El universo femenino, explorado en todos sus detalles, está lejos de la conmiseración. Muchos de sus personajes son verdaderas brujas y no siempre en el sentido de sabias. Disfuncionales, desbordan ferocidad y la electricidad, como las imágenes de los videoclips, atraviesa sus cuerpos anoréxicos que se niegan a “tragarse” el mundo de los adultos, otros, ofreciéndose en sacrificio, se convierten en modelo de virtud para la institución religiosa, y otros, como un Pac-Man recién importado, comen vorazmente hasta salirse de sí. Dignos de la Metamorfosis de Ovidio, jamás son lo que parecen. Ambivalentes, contradictorios, mestizos, producto de varios cruces culturales -en el sentido muy amplio del término-, desfasados, desbordan los moldes sociales y subjetivos, y configuran pequeños universos a punto de estallar.

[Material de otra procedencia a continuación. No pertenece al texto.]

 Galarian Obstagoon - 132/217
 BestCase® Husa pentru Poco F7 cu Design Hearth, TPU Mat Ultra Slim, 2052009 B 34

Pero hay algo más por lo que este texto deslumbra y es en su factura que logra ensamblar, como un mapa astral, la política, la religión, lo ancestral, los saberes campesinos, las sectas milenaristas, lo pop y ultramoderno, lo ordinario con lo extraordinario, en un diálogo con la literatura universal, para dibujar una constelación en la que el azar puede unir, como en la figura de la analogía, universos tan dispares. O quizás sólo responda a la ley de la reciprocidad, como le gusta pensar a su inteligente y rebeldona protagonista.